State v. Fowler, 626

Citation83 A.2d 67,79 R.I. 16
Decision Date10 August 1951
Docket NumberNo. 626,626
PartiesSTATE v. FOWLER. C. Q.
CourtUnited States State Supreme Court of Rhode Island

William E. Powers, Atty. Gen., Raymond J. Pettine, Sp. Counsel, Providence, for the State.

Aram A. Arabian, John J. McGrane, Providence, Hayden C. Covington, Brooklyn, N. Y., for defendant.

CONDON, Justice.

This is a criminal complaint which charges the defendant with making a public address to a religious meeting in Slater Park, a public park in the city of Pawtucket, in violation of section 11 of chapter 149 of the ordinances of that city. After trial and conviction in the district court the defendant appealed to the superior court and claimed a jury trial.

When the case was called for trial in the superior court and before a jury was impaneled defendant, by leave of court, moved to quash the complaint on the grounds that the ordinance abridged and denied the rights of free assembly, free speech, and free worship guaranteed by the first and fourteenth amendments to the constitution of the United States and by the constitution of this state. The trial justice declined to rule on the motion because he deemed the constitutional questions thus raised to be of such doubt and importance that they should be certified to this court for our determination pursuant to general laws 1938, chapter 545, § 6, as amended by public laws 1940, chap. 941, sec. 2.

Under that statute the superior court is authorized to certify only the questions raised and not the cause itself. United States Trust Co. v. Tax Assessors of City of Newport, 47 R.I. 420, 133 A. 802. The trial justice accordingly entered a formal order certifying the following specific questions:

'Is Section 11 of Chapter 149 of the ordinances of the City of Pawtucket, approved April 17, 1916, on its face and as construed and applied unconstitutional because it abridges the rights of the defendant to Freedom of Speech, Freedom of Association, and Freedom of Worship, contrary to the First and Fourteenth Amendments to the United States Constitution.

'Is Section 11 of Chapter 149 of the ordinances of the City of Pawtucket, approved April 17, 1916, contrary to the provisions of Article I of the Constitution of the State of Rhode Island, with particular reference to Sections 3, 10, and 21.'

Since only those questions and not the case are before us we must pass upon the constitutionality of the ordinance without reference to the circumstances out of which the case arose and was originally heard in the district court.

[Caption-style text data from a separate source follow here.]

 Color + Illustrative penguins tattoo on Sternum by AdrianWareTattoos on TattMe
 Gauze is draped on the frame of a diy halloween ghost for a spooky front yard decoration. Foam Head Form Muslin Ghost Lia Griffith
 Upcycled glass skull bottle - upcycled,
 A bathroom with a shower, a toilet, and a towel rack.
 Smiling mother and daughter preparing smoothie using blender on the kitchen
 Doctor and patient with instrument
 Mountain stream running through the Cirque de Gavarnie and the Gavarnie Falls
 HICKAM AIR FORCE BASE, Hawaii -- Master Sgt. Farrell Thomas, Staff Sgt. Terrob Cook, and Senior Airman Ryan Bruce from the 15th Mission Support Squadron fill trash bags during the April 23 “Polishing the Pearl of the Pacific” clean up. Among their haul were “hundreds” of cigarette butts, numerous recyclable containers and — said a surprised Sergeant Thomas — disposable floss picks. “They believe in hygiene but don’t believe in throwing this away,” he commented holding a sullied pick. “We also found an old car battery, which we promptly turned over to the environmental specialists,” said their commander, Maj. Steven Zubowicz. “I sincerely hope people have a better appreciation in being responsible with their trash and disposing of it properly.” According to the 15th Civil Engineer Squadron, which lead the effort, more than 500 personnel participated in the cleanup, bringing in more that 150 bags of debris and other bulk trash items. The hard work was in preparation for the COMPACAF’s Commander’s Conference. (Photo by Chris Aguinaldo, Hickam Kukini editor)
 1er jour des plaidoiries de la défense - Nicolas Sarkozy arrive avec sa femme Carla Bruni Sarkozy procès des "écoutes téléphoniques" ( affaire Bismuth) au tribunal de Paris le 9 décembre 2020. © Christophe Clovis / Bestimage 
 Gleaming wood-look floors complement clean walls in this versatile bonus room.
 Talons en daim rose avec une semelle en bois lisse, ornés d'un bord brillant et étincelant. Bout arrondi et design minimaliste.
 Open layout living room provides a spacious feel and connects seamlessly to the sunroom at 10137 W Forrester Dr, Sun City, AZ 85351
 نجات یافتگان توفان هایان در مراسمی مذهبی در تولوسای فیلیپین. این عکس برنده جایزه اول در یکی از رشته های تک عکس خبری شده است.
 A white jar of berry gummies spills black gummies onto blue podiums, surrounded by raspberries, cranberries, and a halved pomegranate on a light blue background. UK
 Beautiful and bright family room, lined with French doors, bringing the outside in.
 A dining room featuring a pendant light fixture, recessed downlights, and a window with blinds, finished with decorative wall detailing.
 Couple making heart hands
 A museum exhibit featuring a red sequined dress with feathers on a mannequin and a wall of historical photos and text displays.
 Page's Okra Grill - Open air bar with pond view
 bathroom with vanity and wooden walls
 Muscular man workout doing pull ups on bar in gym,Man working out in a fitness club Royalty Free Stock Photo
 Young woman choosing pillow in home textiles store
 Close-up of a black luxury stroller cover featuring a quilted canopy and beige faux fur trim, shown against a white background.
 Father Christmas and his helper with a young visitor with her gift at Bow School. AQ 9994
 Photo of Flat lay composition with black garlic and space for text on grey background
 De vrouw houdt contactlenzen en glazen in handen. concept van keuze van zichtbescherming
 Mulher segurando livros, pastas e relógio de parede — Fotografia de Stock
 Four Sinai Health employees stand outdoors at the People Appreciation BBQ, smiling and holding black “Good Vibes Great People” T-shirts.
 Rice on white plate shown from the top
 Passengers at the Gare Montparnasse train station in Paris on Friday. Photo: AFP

On its face the ordinance, which is hereinafter set out in full in the appendix, prescribes in a series of sixteen sections certain conditions under which any person may lawfully avail himself of the privilege of using the parks belonging to and maintained by the city. One of such conditions is contained in section 11 which defendant is charged with violating. That section reads as follows: 'No person shall address any political or religious meeting in any public park; but this section shall not be construed to prohibit any political or religious club or society from visiting any public park in a body, provided that no public address shall be made under the auspices of such club or society in such park.' The prohibition therein is not directed at any particular religious group, but is general and applies without question to all such groups and to all political groups as well.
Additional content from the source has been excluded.